*** Opening Data listing ***

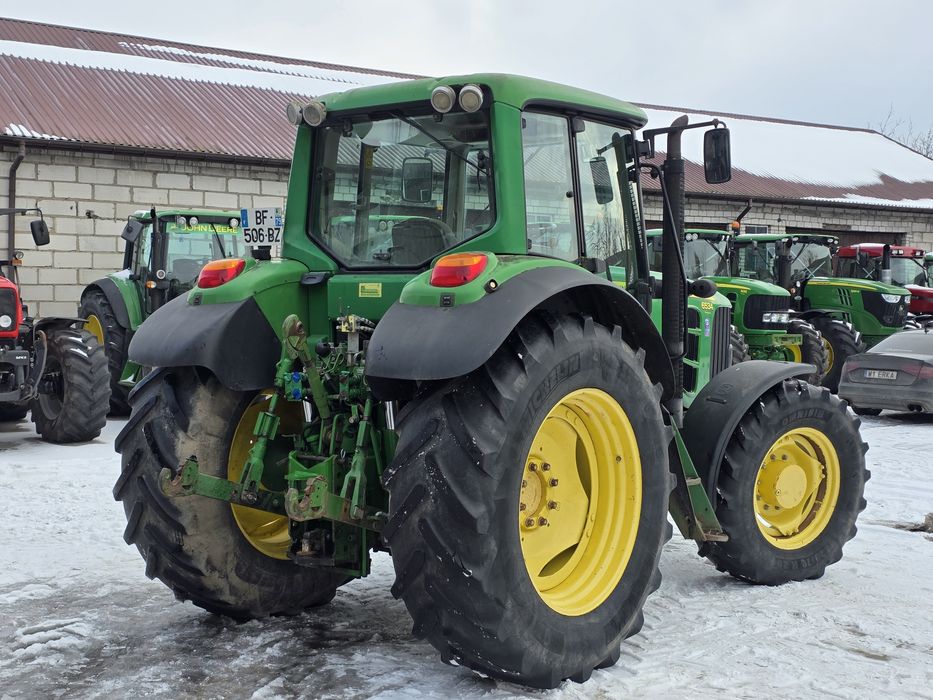 John Deere 6534 Premium prosto z lawety 6530 TLS 6430 zamiana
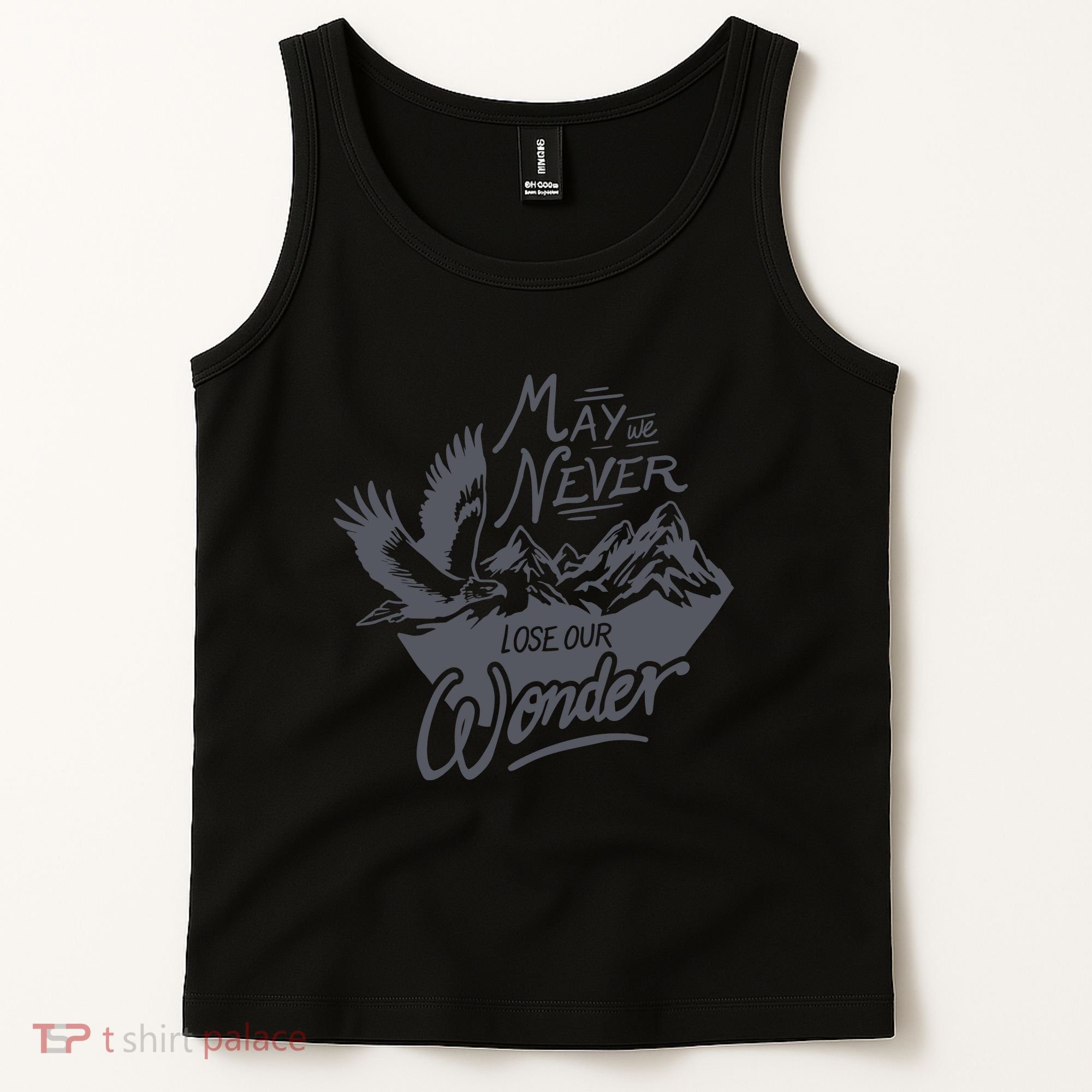 May We Never Lose Our Wonder Nature Tank Top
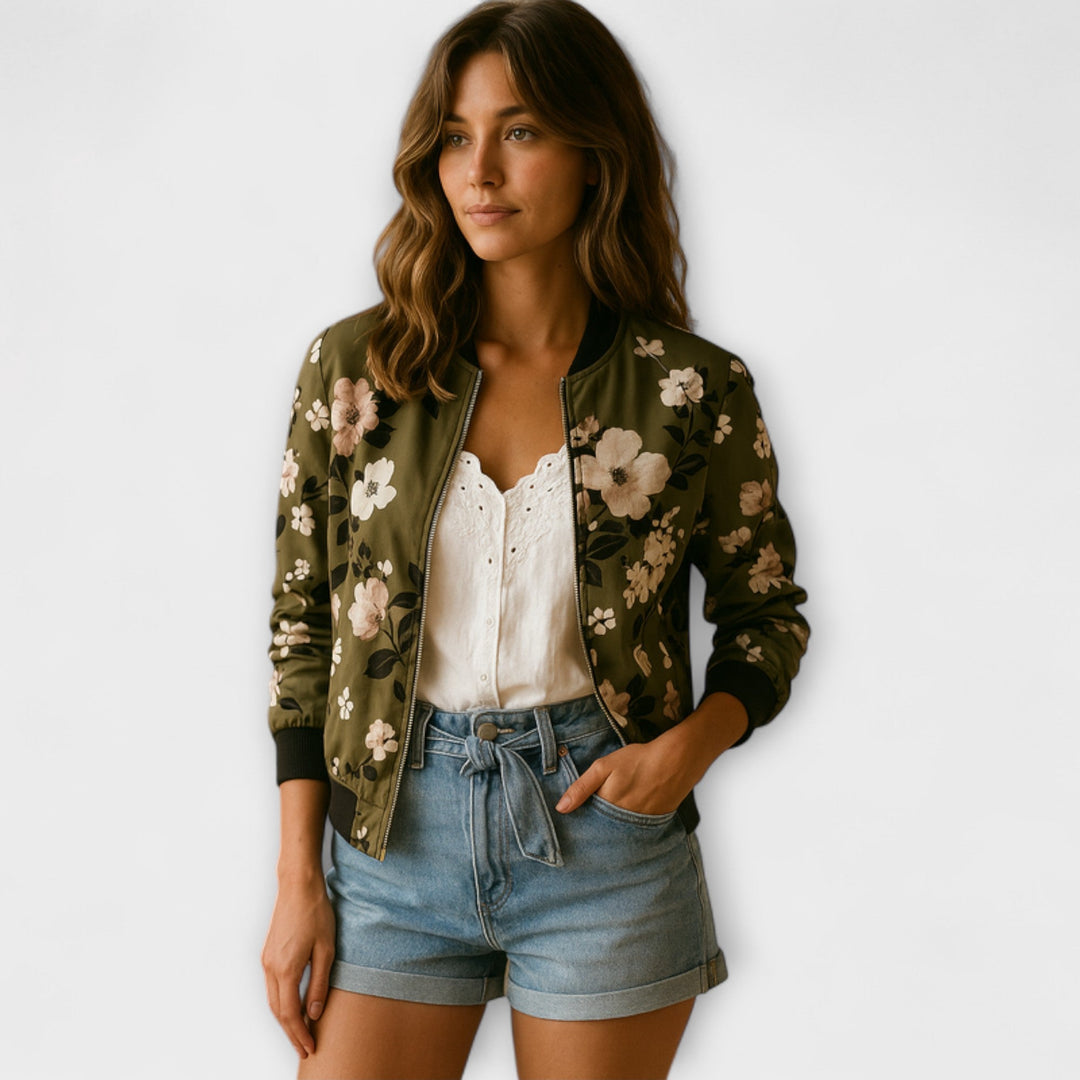Ava | Zip-Cardigan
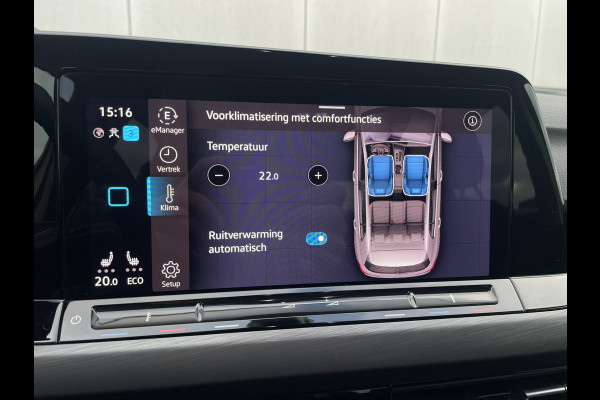 Volkswagen Golf 1.4 eHybrid Style PHEV | Elek. Trekhaak | Q-Light | Carplay | Memory | Navi | Sfeerverlichting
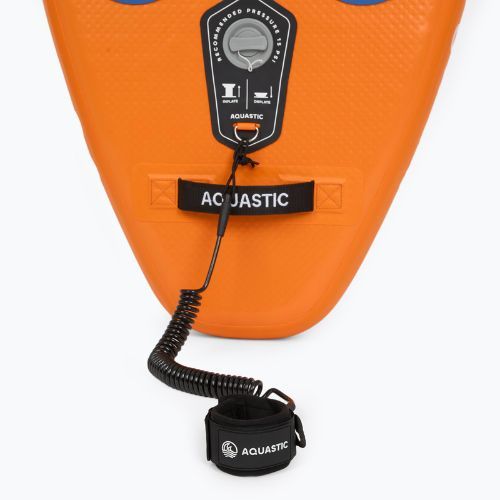 Rinkinys lenta SUP pripučiama vaikiška AQUASTIC Perth 8'0" allround blue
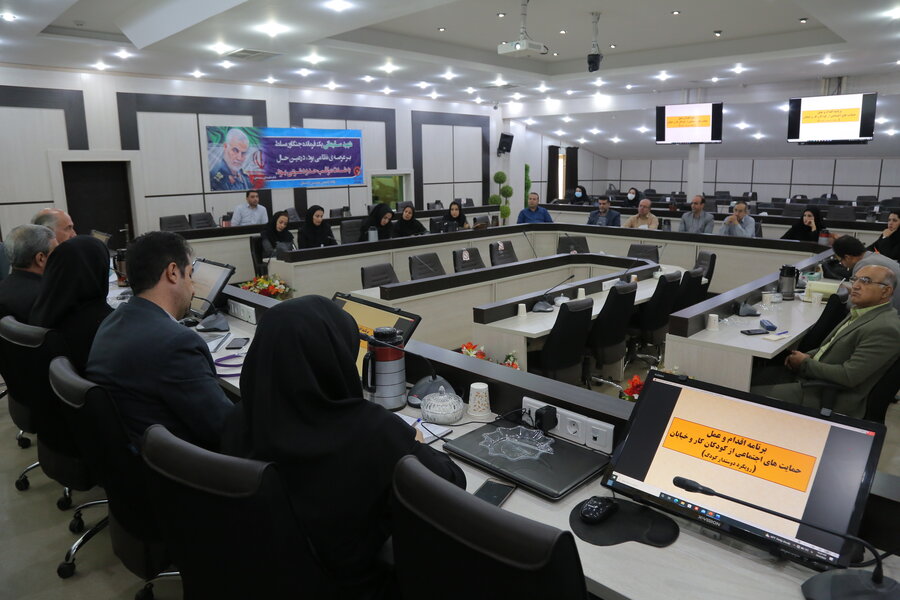 ششمین جلسه کارگروه فرهنگی ، اجتماعی ، سلامت زنان و خانواده در کردستان برگزار شد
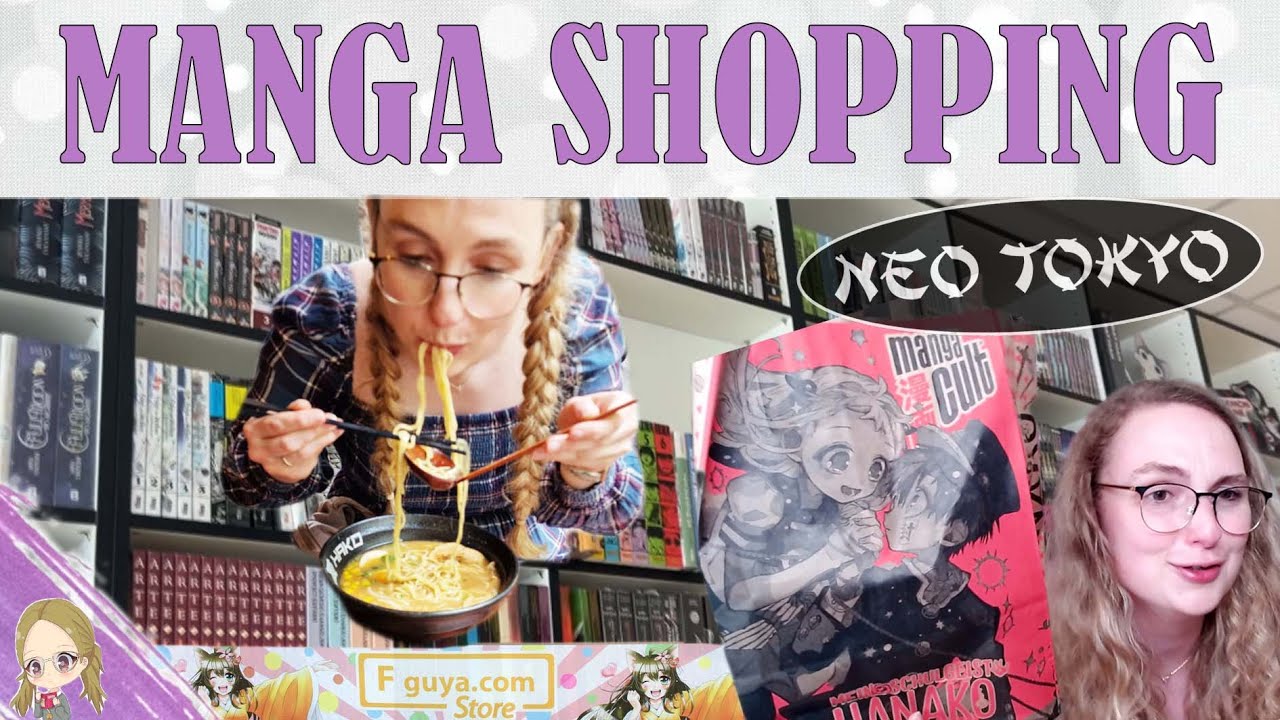 MANGA&MERCH SHOPPING in BERLIN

*** Closing Data listing ***

Starting at the line that contains "ششمین جلسه کارگروه", write out every line through the end of the entries above exactly, and omit the pictures.

 ششمین جلسه کارگروه فرهنگی ، اجتماعی ، سلامت زنان و خانواده در کردستان برگزار شد
 MANGA&MERCH SHOPPING in BERLIN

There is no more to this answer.